KSA fines gambling operator Betent more than $3 million

THE HAGUE – The Dutch gaming authority KSA has fined online gambling company Betent $3 million ($3.27 million) for violating a string of requirements. Betent operates in The Netherlands under a sub-license from master license holder Antillephone in Curacao. The validity of this license has been repeatedly questioned by Nardy Cramm, the editor of KnipselKrant-Curacao.com, but the KSA-decision about the fine refers to Betent as a company that “holds a license for offering online games of chance.” According to Cramm, the KSA has not reacted to her research into the questionable validity of the license.

Antillephone profiles itself as “a license operator that allows online casinos to offer their services to countries where online gambling is legal.” It furthermore states that there are “hundreds of Antillephone casinos.”

Cramm has reported that Antillephone’s master license was not renewed in 2008 but that then Minister of Justice David Dick gave the company a so-called correspondence-extension. “The original license from 1996 does not allow that,” according to Cramm.

Betent, a site that offers sports betting, is registered at the e-commerce park in Curacao, but it is also established in the Netherlands at the Keurenplein in Amsterdam. It operates online under the name Betcity.

KSA issued the hefty fine because Betent violated the law for the prevention of money laundering and the financing of terrorism and failed to report unusual transactions to the Dutch Financial Intelligence Unit (FIU).

Online gambling operators are obliged to monitor transactions of their clients and to report unusual transactions to the FIU. They also have to verify their clients’ identity and research their risk profile related to money laundering and the financing of terrorism.

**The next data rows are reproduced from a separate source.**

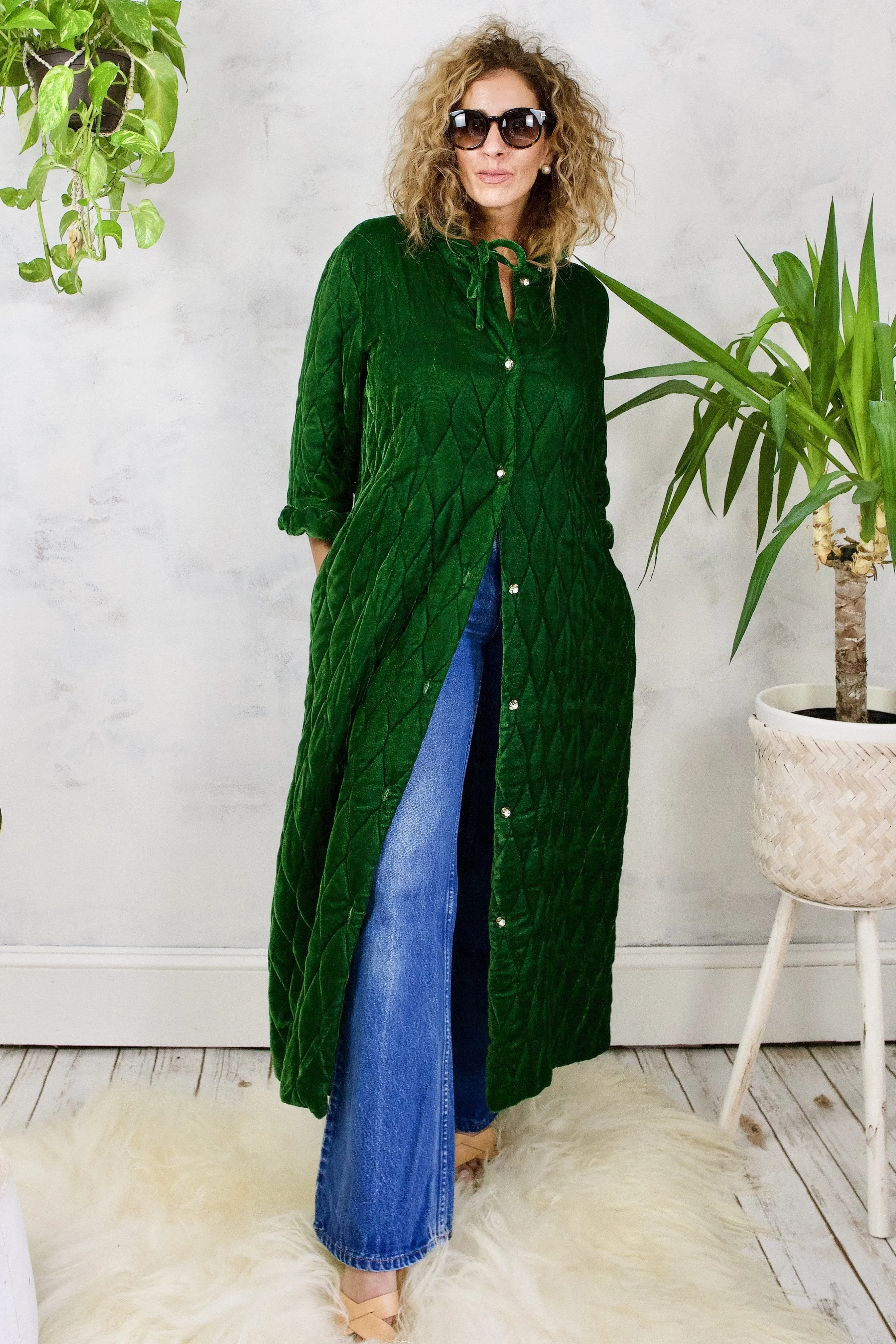 Vintage Quilted Emerald Velvet Robe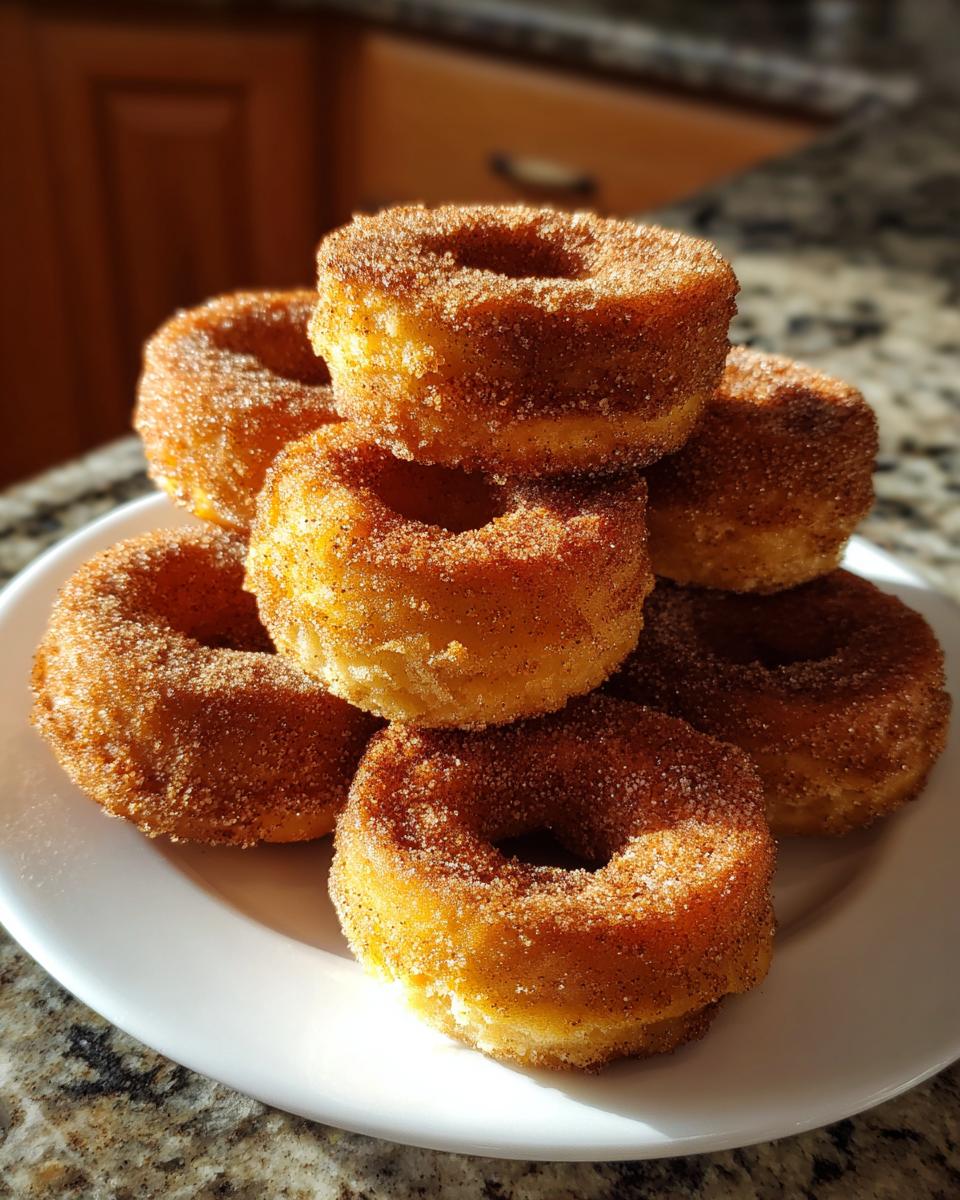 A stack of freshly made Apple Cider Donuts coated in cinnamon sugar, presented on a white plate.
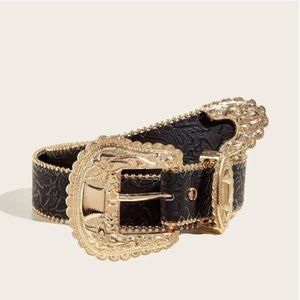 Women's Western Black Belt with Gold Buckle Size 6-10 NWOT
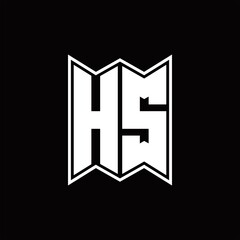 HS Logo monogram with emblem style design template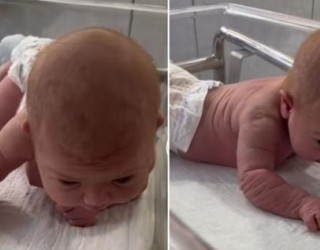 Bebê de apenas 3 dias surpreende ao levantar a cabeça e engatinhar nos EUA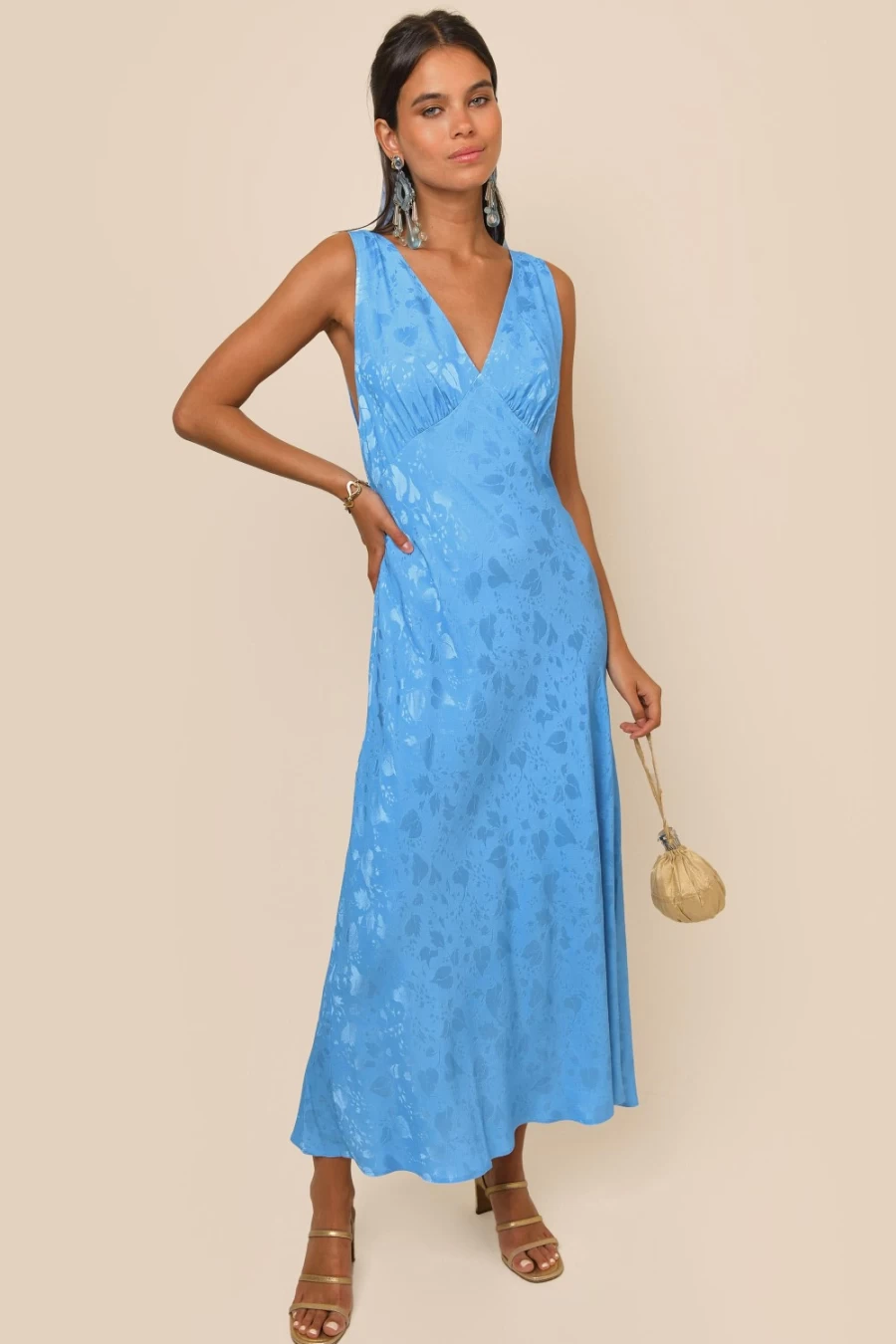 RIXO Women's Sandrine Blue Leaf Jacquard Dress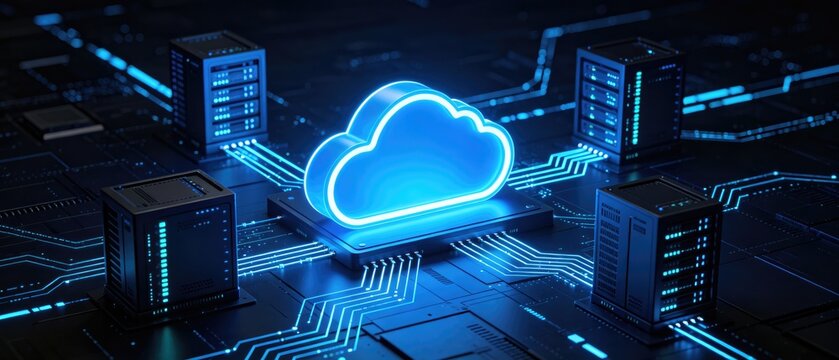 Secure cloud computing environment with connected servers and digital cloud infrastructure, modern technology concept for data storage and online networking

Chairman René Jansen is quoted on the KSA-website as saying: “Last year the KSA has issued a broad warning to licensed operators that they have to get their measures against money laundering and the financing of terrorism in order. We have announced sanctions against non-complying operators and that is what we are doing now.”

On September 8, 2022, the KSA instructed Betent to abide by the relevant guidelines. Research revealed later that between December 2022 and May 2023 a large part of Betent’s required client-research was not up to par. KSA reviewed thirty unfinished client-researches and seven completed ones. It found that in 28 of the 30 cases Betent’s researches were insufficiently executed.

KSA reproached Betent among other things of failing to report unusual transactions to the FIU. Betent claimed that this was due to an error in its software, but the KSA was not impressed.

It noted that Betent could have imposed temporary limits on losses and deposits. Betent’s reaction: “Our stakeholders do not want that.”

In its document that contains the decision to fine Betent the KSA writes that operators have to research the origin of funds if players suffer high net losses. But the company is a master at explaining such situations away. In one case, Betent wrote in a client research report that the player could afford large losses because of his past as a professional soccer player and because he owned a business.

The KSA found that Betent failed to report 53 unusual transactions to the FIU. “Clients could lose large sums of money without Betent researching the origin of their funds,” the KSA states in its decision.

Betent can appeal the fine. An appeal suspends the obligation to pay the fine until the appeal-term of six weeks expires.